Politik : Zehn Punkte zwischen Schwarz und Gelb

Die FDP demonstriert auf dem Dreikönigstreffen in Stuttgart Selbstbewusstsein gegenüber der Union

Antje Sirleschtov[Stuttgart]

Dass sich eine Oppositionspartei wie die FDP bei ihrem traditionellen Neujahrstreffen in Stuttgart deutlich vom politischen Kurs des regierenden rot-grünen Bündnisses absetzt, ist selbstverständlich. Zumal Landtagswahlen in Schleswig-Holstein und Nordrhein-Westfalen anstehen. Grundlegende Regierungskritik wird da am Dreikönigstag zur ersten Liberalenpflicht.

Die aus Berlin angereiste Parteiführung kam ihr denn auch an diesem Donnerstag vor voll besetzten Rängen im Staatstheater der baden-württembergischen Landeshauptstadt wortgewaltig nach: Deutschlands Arbeitsmarkt im Stillstand, der Bundeskanzler im männlichen Freundschaftsbündnis mit einem die Menschenrechte gering schätzenden russischen Präsidenten und die Grünen fest mit dem Abbau von Bürger- und Freiheitsrechten beschäftigt. Guido Westerwelle ließ kein gutes Haar an der Bundesregierung. „Wir brauchen eine Erneuerung für Deutschland“, lautete sein Befund. Und ganz klar: „Wir, die FDP, haben ein umfassendes und durchgerechnetes Regierungskonzept.“ Auffällig an diesem (nicht ganz taufrischen) Zehn-Punkte-Plan: Die FDP-Führung setzt sich von den politischen Linien der Unionsparteien ab. „Keine klaren Antworten, keine Alternativen“ zu Rot-Grün, stellte Westerwelle fest. Die Unfähigkeit zur Reform habe die große Koalition zuletzt erst wieder bei den Verhandlungen zur föderalen Staatsordnung eindrücklich bewiesen.

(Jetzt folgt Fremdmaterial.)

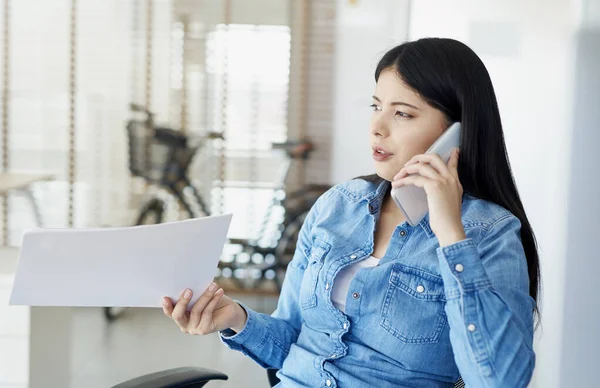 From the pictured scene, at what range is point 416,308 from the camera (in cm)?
137

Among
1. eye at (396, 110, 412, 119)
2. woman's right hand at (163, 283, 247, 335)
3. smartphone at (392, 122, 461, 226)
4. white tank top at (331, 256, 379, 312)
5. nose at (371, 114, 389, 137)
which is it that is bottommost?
woman's right hand at (163, 283, 247, 335)

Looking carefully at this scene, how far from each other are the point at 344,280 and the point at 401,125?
313 millimetres

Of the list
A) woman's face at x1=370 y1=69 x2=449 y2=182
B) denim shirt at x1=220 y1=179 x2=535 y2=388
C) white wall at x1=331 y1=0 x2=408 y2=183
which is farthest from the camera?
white wall at x1=331 y1=0 x2=408 y2=183

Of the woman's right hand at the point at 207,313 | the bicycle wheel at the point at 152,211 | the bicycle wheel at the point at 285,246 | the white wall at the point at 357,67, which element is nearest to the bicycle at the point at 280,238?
the bicycle wheel at the point at 285,246

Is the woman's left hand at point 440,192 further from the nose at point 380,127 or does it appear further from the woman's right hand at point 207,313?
the woman's right hand at point 207,313

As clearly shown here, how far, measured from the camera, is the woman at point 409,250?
130 cm

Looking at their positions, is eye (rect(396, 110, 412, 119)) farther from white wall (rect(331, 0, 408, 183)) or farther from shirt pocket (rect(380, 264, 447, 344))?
white wall (rect(331, 0, 408, 183))

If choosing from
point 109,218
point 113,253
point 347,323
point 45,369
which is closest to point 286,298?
point 347,323

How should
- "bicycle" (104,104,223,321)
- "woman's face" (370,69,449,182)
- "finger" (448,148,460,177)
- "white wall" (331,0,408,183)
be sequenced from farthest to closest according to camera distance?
"bicycle" (104,104,223,321), "white wall" (331,0,408,183), "woman's face" (370,69,449,182), "finger" (448,148,460,177)

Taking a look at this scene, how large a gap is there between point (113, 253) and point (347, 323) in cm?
45

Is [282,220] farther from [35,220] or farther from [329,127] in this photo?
[35,220]

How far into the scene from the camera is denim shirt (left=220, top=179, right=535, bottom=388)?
1201 mm

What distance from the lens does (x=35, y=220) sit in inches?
169

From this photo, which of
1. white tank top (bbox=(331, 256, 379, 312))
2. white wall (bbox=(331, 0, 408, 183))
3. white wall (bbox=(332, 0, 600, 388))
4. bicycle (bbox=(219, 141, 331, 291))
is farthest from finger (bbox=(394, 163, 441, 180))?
bicycle (bbox=(219, 141, 331, 291))
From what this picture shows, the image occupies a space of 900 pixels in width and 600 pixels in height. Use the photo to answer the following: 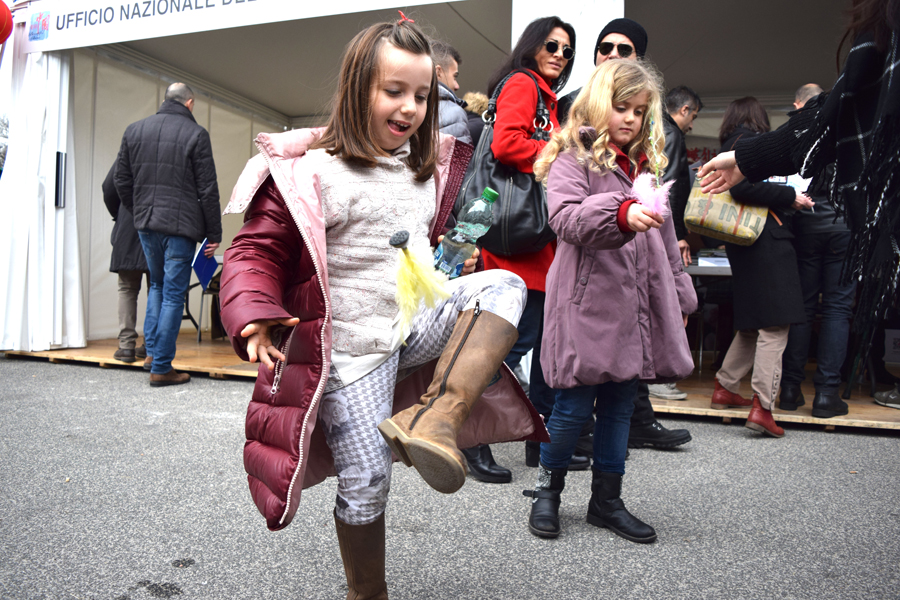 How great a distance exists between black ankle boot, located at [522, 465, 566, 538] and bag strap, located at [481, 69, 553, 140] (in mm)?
1428

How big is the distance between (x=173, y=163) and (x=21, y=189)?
193 cm

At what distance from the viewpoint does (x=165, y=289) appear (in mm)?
4750

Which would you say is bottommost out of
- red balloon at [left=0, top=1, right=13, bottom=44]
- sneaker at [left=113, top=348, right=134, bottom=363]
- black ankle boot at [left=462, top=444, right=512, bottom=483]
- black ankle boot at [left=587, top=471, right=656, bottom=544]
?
sneaker at [left=113, top=348, right=134, bottom=363]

Auch Fraktionschef Wolfgang Gerhardt sparte nicht mit Kritik. Beim Unions-Steuerkonzept habe der Experte Friedrich Merz 60 Prozent bei der FDP abgeschrieben, die restlichen 40 Prozent seien von der eigenen Partei zerschossen worden. Nichts Ordentliches ist also herausgekommen in Sachen Steuerreform. Und erst der Murks mit dem Gesundheitskonzept. Beim ersten Versuch, das Solidarsystem zu sanieren, habe sich gezeigt, dass die große Koalition „nichts Brauchbares“ zuwege bringt, sagt Gerhardt.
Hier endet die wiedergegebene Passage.